AUMENTA LA PRESSIONE FISCALE
La pressione fiscale in Italia è salita al 43,2% nel 2009, aumentando di tre decimi di punto rispetto all'anno precedente (42,9% nel 2008) e ampliando lo stacco di oltre tre punti percentuali con la media Ue che l'anno scorso si è attestata al 39,5% (dal 40,3% del 2008). È quanto si evince dal Rapporto annuale dell'Istat. «Caso unico» tra le grandi economie, sottolinea l'Istituto nazionale di statistica, nel Paese risultano in forte crescita le imposte in conto capitale (per quasi 12 miliardi di euro), sospinte da circa 5 miliardi di euro per il cosiddetto 'scudo fiscalè e dal versamento una tantum per l'imposta sostitutiva di alcuni tributi. È invece calato del 4,2% il gettito delle imposte indirette (già diminuito del 4,9% nel 2008), del 7,1% quello delle imposte dirette e dello 0,5% quello dei contributi sociali effettivi.

L'Italia "invecchia". È il secondo paese più anziano in Europa dopo la Germania. Secondo l'Istat nell'arco dei prossimi quarant'anni la speranza di vita per gli uomini potrebbe aumentare fino a superare gli 84 anni, per le donne gli 89 mentre il numero dei giovani fino a 14 anni potrebbe ridursi a 7,9 milioni, pari al 12,9 per cento della popolazione.
Gli indicatori strutturali e di carico demografico, stimati per l'anno preso in considerazione, confermano, registra il rapporto, «un quadro di forte invecchiamento della popolazione residente» (le persone di 65 anni e più rappresentano il 20,2 per cento della popolazione); una crescita complessiva della popolazione del 5,7 per mille (si superano i 60 milioni di residenti solo grazie all'apporto della popolazione straniera) ed un livello di fecondità (numero medio di figli per donna pari a 1,41) che, seppur in ripresa dagli anni novanta, ancora non consente di mantenere almeno costante la consistenza demografica. Forte è lo squilibrio generazionale: il rapporto di dipendenza tra le persone in età inattiva (0-14 anni e 65 anni e più) e la popolazione che «teoricamente» si fa carico di sostenerle economicamente (15-64 anni) è passato dal 48 al 52 per cento in dieci anni, a causa del peso crescente delle persone anziane (da 27 ogni 100 in età attiva nel 2000 a 31 nel 2009).

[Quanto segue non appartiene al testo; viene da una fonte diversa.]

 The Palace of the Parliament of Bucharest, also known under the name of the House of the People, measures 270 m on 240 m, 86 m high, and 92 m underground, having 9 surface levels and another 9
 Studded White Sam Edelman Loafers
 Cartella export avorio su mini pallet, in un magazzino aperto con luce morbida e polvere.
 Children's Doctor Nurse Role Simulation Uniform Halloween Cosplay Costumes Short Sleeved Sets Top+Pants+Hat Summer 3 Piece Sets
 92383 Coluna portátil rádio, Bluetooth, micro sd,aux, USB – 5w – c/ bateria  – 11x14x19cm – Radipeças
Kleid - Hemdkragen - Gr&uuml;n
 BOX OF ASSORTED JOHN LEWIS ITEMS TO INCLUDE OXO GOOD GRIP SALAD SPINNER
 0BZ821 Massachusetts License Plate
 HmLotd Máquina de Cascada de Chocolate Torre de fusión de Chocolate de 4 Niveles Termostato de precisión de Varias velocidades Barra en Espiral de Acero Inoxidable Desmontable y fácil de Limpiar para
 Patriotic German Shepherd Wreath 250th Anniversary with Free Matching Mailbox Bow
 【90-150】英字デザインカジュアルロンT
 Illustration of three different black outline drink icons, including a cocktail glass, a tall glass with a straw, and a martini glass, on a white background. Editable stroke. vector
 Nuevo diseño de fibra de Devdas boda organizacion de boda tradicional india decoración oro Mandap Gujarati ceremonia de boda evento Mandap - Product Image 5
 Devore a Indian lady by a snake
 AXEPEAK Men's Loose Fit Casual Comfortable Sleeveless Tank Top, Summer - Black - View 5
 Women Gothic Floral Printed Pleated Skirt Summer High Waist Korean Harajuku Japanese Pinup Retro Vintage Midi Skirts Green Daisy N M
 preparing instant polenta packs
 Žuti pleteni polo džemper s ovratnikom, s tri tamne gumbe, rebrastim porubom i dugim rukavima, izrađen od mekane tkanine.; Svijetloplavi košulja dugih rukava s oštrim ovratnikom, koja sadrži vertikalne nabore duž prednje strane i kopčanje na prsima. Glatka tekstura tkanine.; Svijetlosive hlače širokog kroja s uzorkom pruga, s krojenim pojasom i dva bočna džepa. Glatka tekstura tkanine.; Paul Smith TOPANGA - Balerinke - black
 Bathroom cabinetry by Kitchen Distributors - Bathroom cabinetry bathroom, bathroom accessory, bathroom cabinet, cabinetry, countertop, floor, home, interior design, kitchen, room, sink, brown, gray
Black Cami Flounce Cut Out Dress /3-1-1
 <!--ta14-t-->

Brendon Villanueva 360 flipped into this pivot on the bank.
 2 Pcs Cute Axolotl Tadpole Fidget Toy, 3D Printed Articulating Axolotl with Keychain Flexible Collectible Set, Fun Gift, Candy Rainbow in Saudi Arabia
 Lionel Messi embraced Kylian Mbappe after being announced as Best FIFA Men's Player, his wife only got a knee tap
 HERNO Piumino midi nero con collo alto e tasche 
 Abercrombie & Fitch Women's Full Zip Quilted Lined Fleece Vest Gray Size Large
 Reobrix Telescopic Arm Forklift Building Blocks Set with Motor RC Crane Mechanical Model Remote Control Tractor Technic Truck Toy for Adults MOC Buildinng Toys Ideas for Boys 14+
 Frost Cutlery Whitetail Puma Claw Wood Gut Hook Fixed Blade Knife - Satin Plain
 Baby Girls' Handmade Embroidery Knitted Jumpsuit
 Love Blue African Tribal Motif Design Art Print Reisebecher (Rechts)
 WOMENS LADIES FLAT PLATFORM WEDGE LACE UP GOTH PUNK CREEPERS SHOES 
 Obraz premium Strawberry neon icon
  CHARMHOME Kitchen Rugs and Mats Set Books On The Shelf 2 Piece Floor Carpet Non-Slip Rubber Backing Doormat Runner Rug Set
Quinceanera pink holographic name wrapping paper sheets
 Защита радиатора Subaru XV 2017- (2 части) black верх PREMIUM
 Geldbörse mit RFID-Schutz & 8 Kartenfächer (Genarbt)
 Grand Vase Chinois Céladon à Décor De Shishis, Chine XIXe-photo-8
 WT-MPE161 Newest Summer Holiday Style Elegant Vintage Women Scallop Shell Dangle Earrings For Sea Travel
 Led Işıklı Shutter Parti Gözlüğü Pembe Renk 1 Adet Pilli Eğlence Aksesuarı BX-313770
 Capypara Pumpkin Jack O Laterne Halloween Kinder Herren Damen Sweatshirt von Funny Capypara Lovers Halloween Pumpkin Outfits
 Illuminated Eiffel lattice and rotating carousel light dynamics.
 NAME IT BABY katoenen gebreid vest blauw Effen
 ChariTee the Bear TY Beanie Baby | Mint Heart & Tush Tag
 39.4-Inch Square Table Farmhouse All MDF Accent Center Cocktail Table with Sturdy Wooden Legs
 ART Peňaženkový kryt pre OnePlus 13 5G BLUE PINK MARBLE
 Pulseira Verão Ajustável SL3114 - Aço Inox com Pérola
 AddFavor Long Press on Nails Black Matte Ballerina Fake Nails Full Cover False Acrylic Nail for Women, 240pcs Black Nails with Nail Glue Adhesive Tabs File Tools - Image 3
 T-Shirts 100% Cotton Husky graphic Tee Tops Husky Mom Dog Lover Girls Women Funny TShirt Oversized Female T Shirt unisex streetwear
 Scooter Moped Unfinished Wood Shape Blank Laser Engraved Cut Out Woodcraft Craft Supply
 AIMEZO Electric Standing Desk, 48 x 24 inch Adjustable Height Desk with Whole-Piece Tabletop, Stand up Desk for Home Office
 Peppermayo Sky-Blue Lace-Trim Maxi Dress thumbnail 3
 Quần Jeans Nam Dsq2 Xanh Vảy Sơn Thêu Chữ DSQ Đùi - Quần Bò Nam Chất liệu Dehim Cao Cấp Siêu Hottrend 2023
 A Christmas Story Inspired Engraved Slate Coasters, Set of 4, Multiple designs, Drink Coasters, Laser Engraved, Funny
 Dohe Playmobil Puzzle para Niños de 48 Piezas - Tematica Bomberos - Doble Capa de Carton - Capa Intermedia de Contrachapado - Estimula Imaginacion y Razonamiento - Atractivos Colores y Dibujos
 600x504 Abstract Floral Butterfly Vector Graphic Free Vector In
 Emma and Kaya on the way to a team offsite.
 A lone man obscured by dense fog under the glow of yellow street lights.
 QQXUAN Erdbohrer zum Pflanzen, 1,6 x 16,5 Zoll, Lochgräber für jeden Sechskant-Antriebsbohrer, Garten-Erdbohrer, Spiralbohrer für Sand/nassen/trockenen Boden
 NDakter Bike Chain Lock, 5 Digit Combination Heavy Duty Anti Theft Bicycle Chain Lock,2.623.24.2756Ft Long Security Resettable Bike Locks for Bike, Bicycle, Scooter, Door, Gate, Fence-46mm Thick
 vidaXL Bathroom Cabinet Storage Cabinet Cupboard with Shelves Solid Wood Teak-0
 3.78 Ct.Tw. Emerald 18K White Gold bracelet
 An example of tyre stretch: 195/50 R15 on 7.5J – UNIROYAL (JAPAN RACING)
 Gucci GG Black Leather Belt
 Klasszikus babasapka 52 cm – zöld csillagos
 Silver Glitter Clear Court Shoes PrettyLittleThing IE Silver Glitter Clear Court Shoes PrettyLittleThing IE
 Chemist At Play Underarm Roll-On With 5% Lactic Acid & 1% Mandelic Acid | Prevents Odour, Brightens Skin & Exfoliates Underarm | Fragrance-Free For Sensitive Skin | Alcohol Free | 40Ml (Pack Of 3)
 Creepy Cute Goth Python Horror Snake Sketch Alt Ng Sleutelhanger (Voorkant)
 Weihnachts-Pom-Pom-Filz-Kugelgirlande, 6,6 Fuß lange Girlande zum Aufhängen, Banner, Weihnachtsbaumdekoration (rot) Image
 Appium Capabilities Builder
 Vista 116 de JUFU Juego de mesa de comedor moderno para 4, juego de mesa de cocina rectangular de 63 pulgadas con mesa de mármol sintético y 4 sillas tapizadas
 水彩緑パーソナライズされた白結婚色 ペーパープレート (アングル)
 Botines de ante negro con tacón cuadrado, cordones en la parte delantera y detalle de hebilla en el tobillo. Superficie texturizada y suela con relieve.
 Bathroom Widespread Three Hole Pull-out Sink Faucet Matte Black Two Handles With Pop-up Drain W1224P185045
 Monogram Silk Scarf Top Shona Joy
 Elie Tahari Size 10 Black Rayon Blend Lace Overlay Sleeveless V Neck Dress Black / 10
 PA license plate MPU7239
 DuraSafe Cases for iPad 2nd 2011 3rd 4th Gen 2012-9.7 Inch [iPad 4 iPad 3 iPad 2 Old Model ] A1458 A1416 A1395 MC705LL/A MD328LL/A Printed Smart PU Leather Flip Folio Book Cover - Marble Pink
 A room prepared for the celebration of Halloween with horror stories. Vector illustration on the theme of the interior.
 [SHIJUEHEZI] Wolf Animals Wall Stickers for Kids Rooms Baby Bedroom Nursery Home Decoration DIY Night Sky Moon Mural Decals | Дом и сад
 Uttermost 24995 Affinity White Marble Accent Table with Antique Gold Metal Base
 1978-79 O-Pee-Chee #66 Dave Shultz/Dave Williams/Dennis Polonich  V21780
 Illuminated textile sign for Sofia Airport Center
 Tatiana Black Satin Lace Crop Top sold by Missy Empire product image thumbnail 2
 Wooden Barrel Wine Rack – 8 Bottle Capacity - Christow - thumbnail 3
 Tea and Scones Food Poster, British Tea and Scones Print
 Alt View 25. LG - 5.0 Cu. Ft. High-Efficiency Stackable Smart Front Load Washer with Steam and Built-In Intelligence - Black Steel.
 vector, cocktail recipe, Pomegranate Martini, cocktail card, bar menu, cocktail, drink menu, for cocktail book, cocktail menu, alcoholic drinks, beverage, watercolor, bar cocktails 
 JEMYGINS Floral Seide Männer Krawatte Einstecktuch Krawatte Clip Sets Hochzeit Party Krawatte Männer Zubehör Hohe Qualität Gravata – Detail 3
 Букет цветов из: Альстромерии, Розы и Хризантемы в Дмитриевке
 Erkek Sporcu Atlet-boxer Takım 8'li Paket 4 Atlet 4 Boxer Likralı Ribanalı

In base alle recenti tendenze demografiche uno scenario «verosimile» nell'arco dei prossimi 40 anni porta a prevedere, si legge, che il numero medio di figli per donna possa crescere fino a 1,58 nel 2050; la speranza di vita aumentare fino a raggiungere gli 84,5 anni per gli uomini e gli 89,5 per le donne; il numero dei giovani fino a 14 anni ridursi a 7,9 milioni (il 12,9 per cento della popolazione); la popolazione attiva contrarsi a 33,4 milioni (54,2 per cento) e quella degli over 64 salire a 20,3 milioni (da uno su cinque a uno su tre residenti nel 2050). Cambiamenti, questi, che potrebbero accentuare «ulteriormente lo squilibrio generazionale: l'indice di dipendenza degli anziani (ultra 64enni sulla popolazione in età attiva) potrebbe raddoppiare (61 per cento) e l'indice di vecchiaia salire a 256 anziani ogni cento giovani».

OLTRE UN MILIONE DI ITALIANI NON HA LETTO UN LIBRO NEL 2009
La formazione è un capitolo pieno di carenze in Italia. Non riesce ad incidere nell'inclusione sociale; sul conseguimento dei titoli superiori continua a pesare una «forte disuguaglianza» legata alla classe sociale della famiglia di provenienza degli studenti. Ciò - ritiene l'Istat - blocca la mobilità sociale.
Un esempio. Nel periodo 2004-2009 la quota di lavoratori diplomati passa dal 44,5% al 46,6% e quella dei laureati dal 14% al 17,2% ma «l'incidenza delle professioni qualificate e tecniche rimane sostanzialmente stabile acuendo il divario fra domanda ed offerta di lavoro degli occupati con medio-alto titolo di studio». Nel 2009, circa 16,5 milioni di occupati (72,4%) svolgono una professione adeguata al livello d' istruzione, 1,7 milioni (7,4%) ha un lavoro relativamente più qualificato mentre il 20,2% (4,6 milioni) è sottoinquadrato.
Rispetto al 2004, il fenomeno del sottoinquadramento interessa oltre un milione di persone in più. Quasi la metà dei sottoinquadrati sono giovani, con 15-34 anni; in termini relativi, l'incidenza che svolgono un lavoro non adeguato al proprio livello di istruzione è del 31% (+6,8% rispetto al 2004). Il fenomeno dei sottoinquadrati si registra nei lavori meno tradizionali: il 46,9% degli occupati a termine, il 40,1% di quelli in part time e il 30,5% nelle collaborazioni.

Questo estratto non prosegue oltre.